The role of public information officer for the Minneapolis Police Department is currently held by John Elder, who is a frequent presence at crime scenes and on television news reports.  

Council member Steve Fletcher questioned whether the city needs a spokesperson responding to crime scenes, 24-7.   

“I think there’s a legitimate question about whether the 3 a.m. standup is a useful function,” said Fletcher. “At some level, it’s where most of the misinformation has come from.”

“Transparency is not just immediate access, it’s also about accuracy,” said Fletcher.  

City Council President Lisa Bender expressed a broader concern that council members have been blindsided by crime statistics and other information.  

“I think I have seen over the years a pattern that makes it feel very separate from the rest of the city,” said Bender. “In the past I have felt the communications coming from the department don’t reflect the direction policy makers have given.”

City Hall insiders see the move as a way for the council to control the communications and messaging of a police department that is largely under the control of the Mayor.  A majority of the council currently support defunding or dismantling the department through a charter amendment.  

Traditionally, the public information officer is a position separate from other communications staff.  It is a frequent point of contact for journalists and other community members.  
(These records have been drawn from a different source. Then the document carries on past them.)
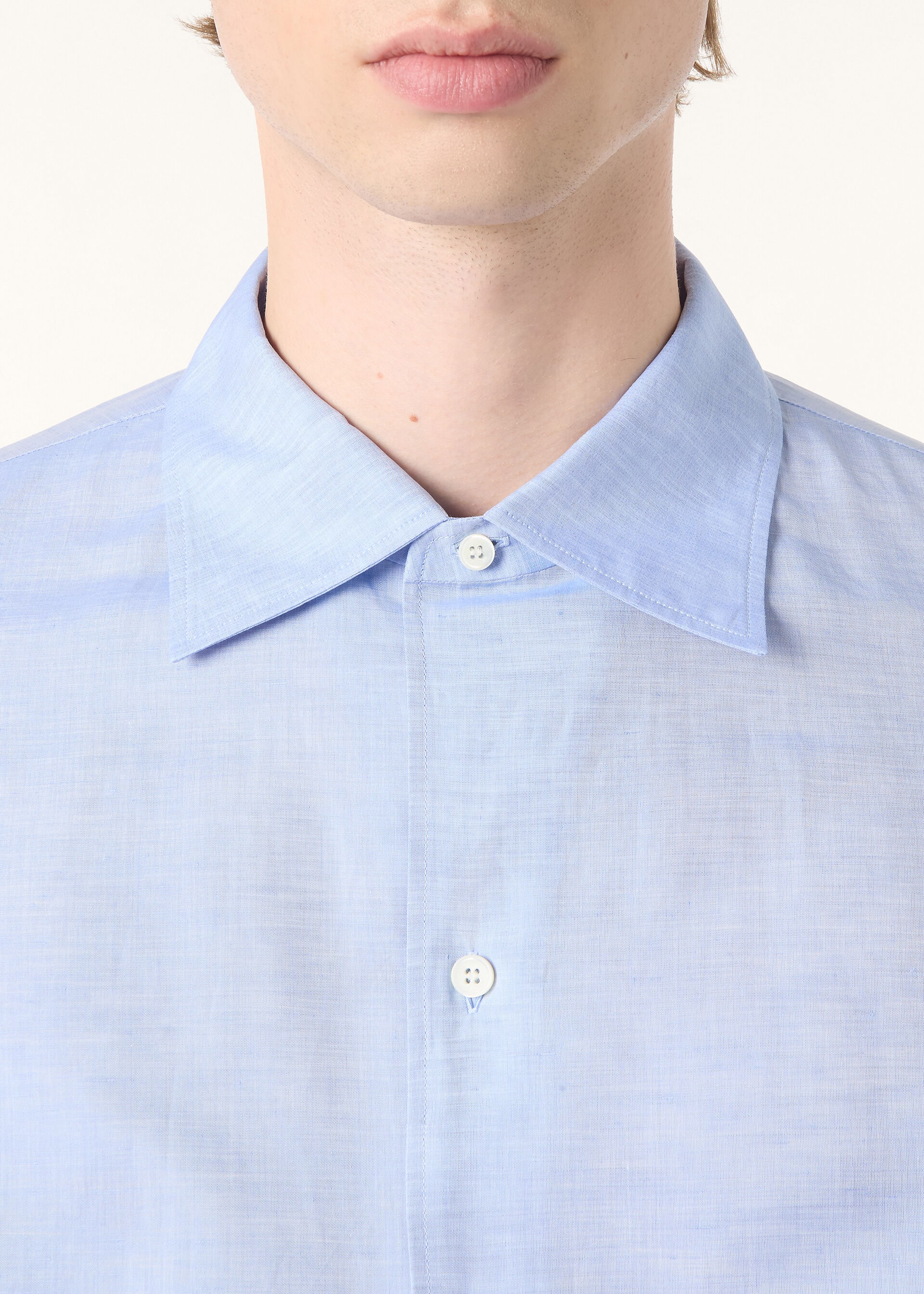 FRANCO SHIRT ARSENAL LINEN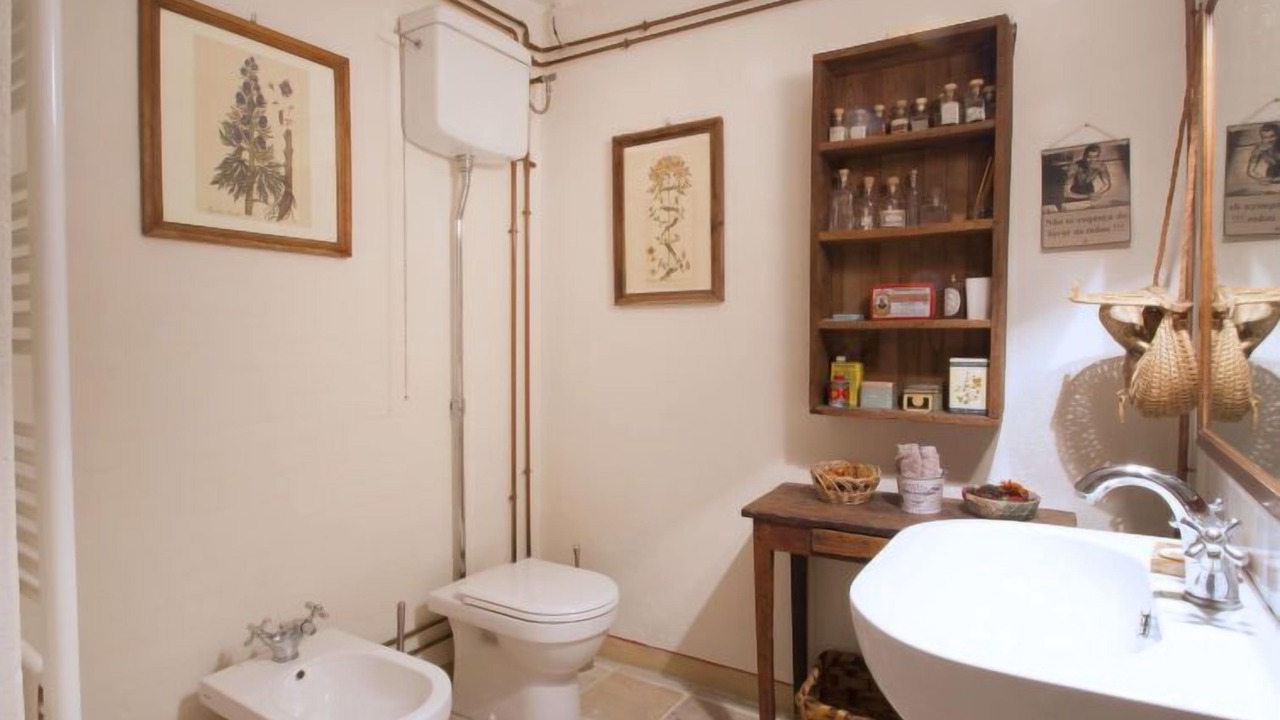 Photo of Bathroom in Rancolfo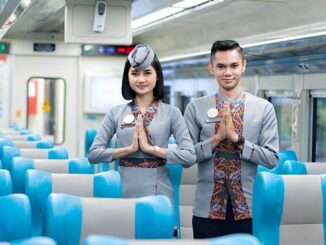 PT KAI buka lowongan pekerjaan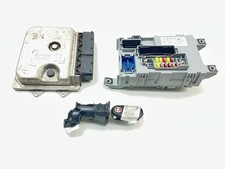 KIT CHIAVE PER FIAT Panda 3° Serie 8GSW.M1 (12>)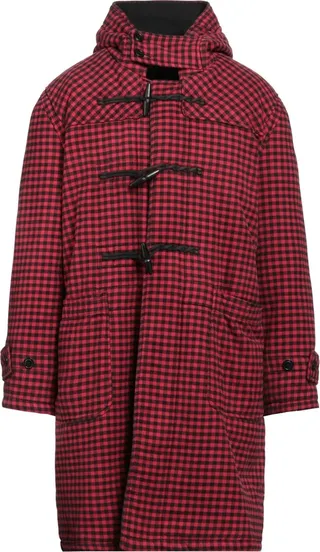 Coat Red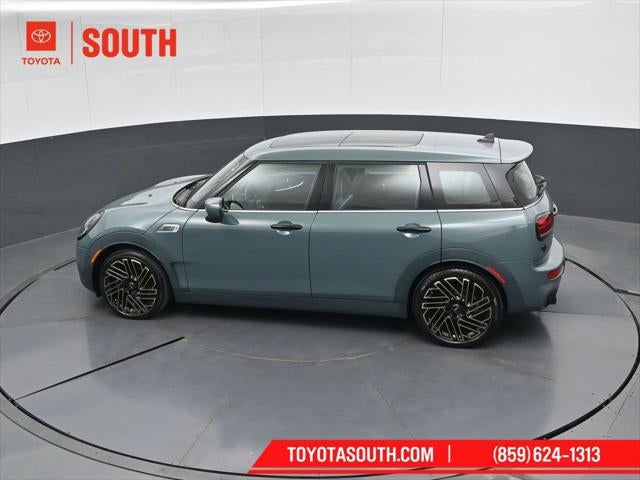 2024 MINI Cooper S Clubman Classic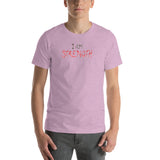 I AM Strength Short-Sleeve Unisex T-Shirt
There is a precedent for attempting to eliminate the position, however.  

In 2003, then Mayor R.T. Rybak ordered all media contacts with police to be approved by the city’s communications director. 

It was an effort aimed at centralizing control of police communications Rybak said at the time, and assuring the city speaks with one voice. The arguments then were very similar to those made at Wednesday’s council meeting.

The Society of Professional Journalism condemned Rybak’s move in a statement at the time, writing “… the simple fact remains that the city’s voice is comprised of diverse interests and viewpoints that cannot simply be willed into line by mayoral diktat.”

The City’s Communications Department, led by director Greta Bergstrom, has recently had its own difficulties with the media.  

On two occasions recently the city’s communications department failed to intervene when members of an Upper Harbor Terminal Advisory Committee tried to remove the press from a public meeting.  

The amendment to eliminate the Minneapolis Police Department’s public information officer still needs a full City Council vote on Friday.